I'll start with what products and tools I used to do this. Then I will explain in the best detail i can how I installed and wired my setup which is on a 97 SC300. Lastly i will briefly explain some other options for instalation per requests.
Here is the Push Button Starter i used.
Ignited Performance
I purchased mine several years ago and had it on another car, that i have since gotten rid of, and the switch has been sitting in a box in my attic.
This is one of the best switches i have seen, there are several others i have seen that cost much more look harder to install and wire.
Some other things you will need are:
-Approx. 15 feet of 8 awg wire. (You might want to get extra just in case, depending on how you run you wires. I used 8 awg audio wire that I had laying around, but 10 would be fine)
-About a foot of 18 awg wire preferably some in black and some in red.
-Some electrical connectors (eye connector for the ground and possibly on for the power if you have to go to the battery, and aslo some butt connectors))
-Electrical tape
Recomended tools:
-Dremel with cut off wheels and sanding stone
-Possibly a soldering gun and solder
-Wire cutters/strippers
-#2 Phillips Screwdriver
-also a very small screwdriver, like one for eyeglasses
No I don't have any pictures for the first part of the install so you should have some basic understanding of your car, and where things are. But I am going to try and give as much detail as I can
I recomend Disconnecting you battery before beginning this project.
1. The first thing I did was unplug the starter wire. The wire clips in, do not unbolt the main power wire. Its on the intake side of the motor
2. Once uplugged you should be able to pull it up to where you can see it better, you might have to remove a clip or tie down. I cut it off about 3 inches from the plug. By doing this you will no longer be able to start the car with your key. Make sure to wrap the end still connected to the harness with electrical tape and ziptie it out of the way.

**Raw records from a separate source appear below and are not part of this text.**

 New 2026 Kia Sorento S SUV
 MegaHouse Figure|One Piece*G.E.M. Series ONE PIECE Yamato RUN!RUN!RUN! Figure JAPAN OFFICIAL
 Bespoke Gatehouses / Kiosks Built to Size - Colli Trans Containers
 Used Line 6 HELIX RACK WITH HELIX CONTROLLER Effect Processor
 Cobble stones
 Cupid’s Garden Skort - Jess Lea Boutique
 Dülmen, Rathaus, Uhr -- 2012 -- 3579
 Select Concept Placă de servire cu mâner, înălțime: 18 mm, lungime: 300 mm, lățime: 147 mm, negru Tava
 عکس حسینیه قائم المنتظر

3. Once the plug is in your hand, strip the end and the end of the thick wire.
I used a butt connector here because the thick wires are difficult to solder and take quite a while, but if you can i suggest soldering the wires together.

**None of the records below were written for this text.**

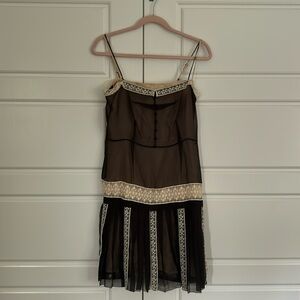 ROBERT RODRIGUEZ women’s slip dress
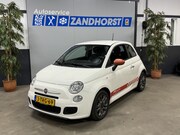 Fiat 500 - 0.9 TwinAir Turbo Lounge // Sportstoelen // Half Leer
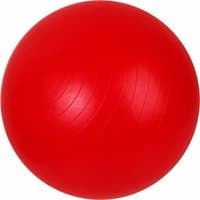 Gym Ball 22 Inch Diameter Red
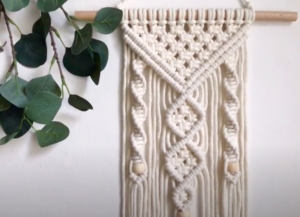 DIY Macrame Wall Hanging Tutorials - Six Clever Sisters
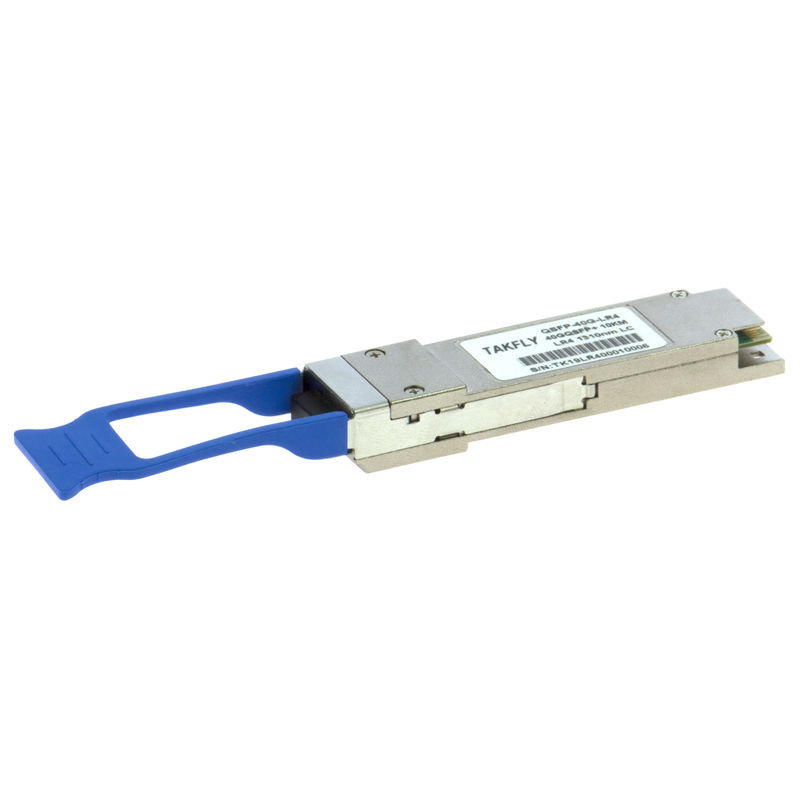 40G QSFP+ LR4 1310nm 10km SMF-de Module qsfp-100g-lr4-s JL310A van de Vezelzendontvanger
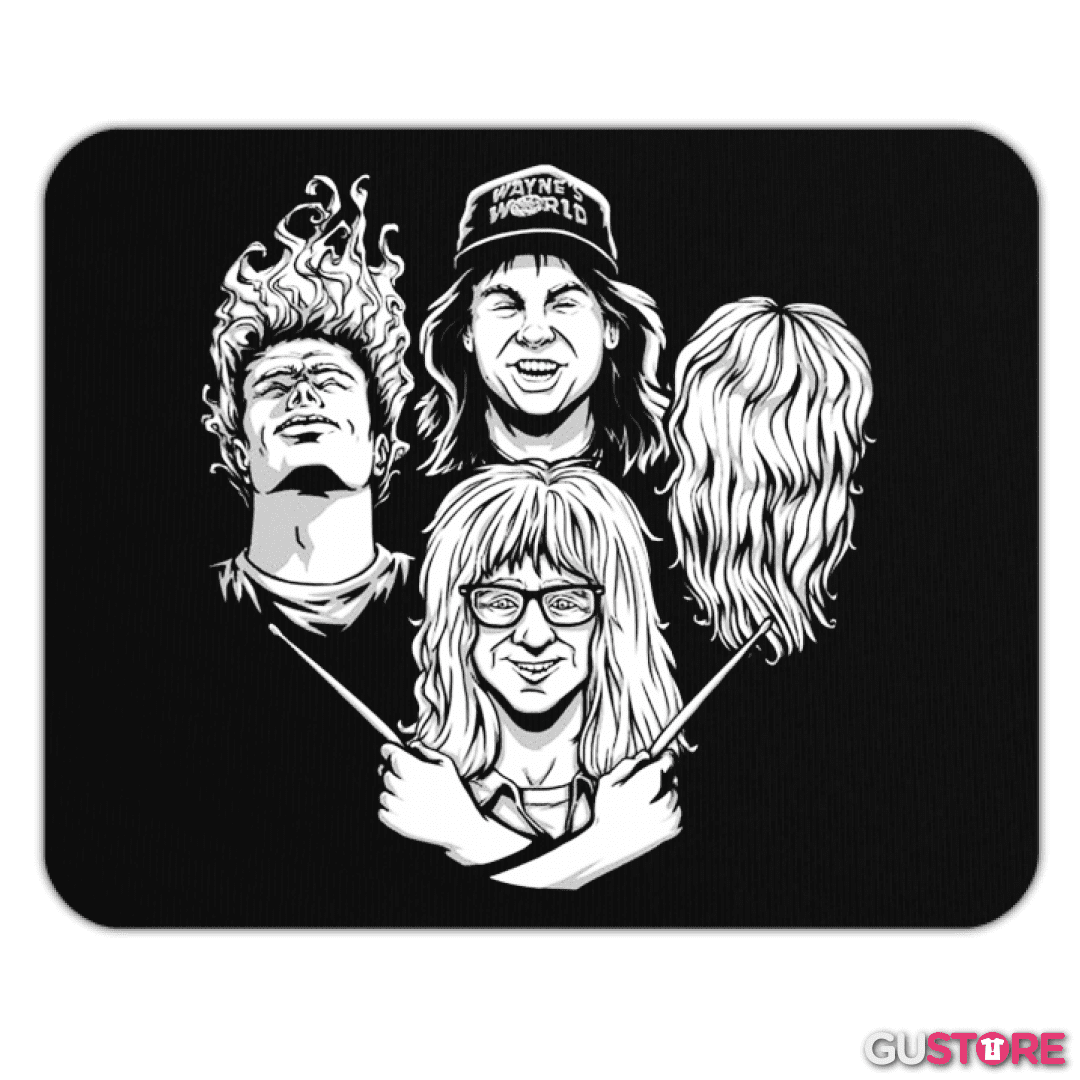 Mousepad Bohemian rhapsody Wayne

4. Next, go ahead and remove your center console plastics. then proceed to run the wire into the cockpit. (two if you are going to use your battery as the pwer source) I used the hole that leads to the tire well, then went through the rubber seal that bolts to the firewall behind the tire well liner. Once inside the car, route your wires to the center console or wherever you want to mount you starter button.
You should also know that I already had a wire coming from my batter for my amp in the trunk, I simply tapped into this for my power supply.
5. Remove the temp and volume *****. on the back there are three screws attaching a black box where the temperature and volume ***** are. After removing the unit, use a small flathead screewdriver to remove the back cover (its clipped in, be carefull not to break it and don't pull on the wires, the top is reused)
Next use the very small screwdriver to remove the (I believe 6) small screws holding in the circuit board, after removing the circuit board, remove the two clear pieces (The top one will be put back in durring reassembly). Remove the lower two light bulbs, these will not be reused.
6. Use the Dremel to cut the circuit board right below where the two harnesses plug in and right above the two holes for the lights
Then Carefully dremel the sides of the box ont the bottom half, and the bottom half of the back that clips in. Study the pictures carefully to see where I cut. when doing the cutting alwasy do a little less. you can go back over it, but you can't put plastic back on if you cut to much.
I also used a sanding stone and made the whole slightly larger on the black box so I could position it better. I would put the button in first and see where it lines up in the hole in the console, then remove it and dremel the hole in the box to let you adjust it. I tried to center mine as best I could
after everything is cut, and reassembled, it should look like this:
7. After that just put in the wires according to the diagram for the switch. I ran a ground to one of the grounds under the radio, and gave the illumination power from the switch output. that way it just lights when pressed.
You can wire the illumination to your cig lighter so it comes on with your car, but I didn't want mine always on when i was driving because its kind of bright.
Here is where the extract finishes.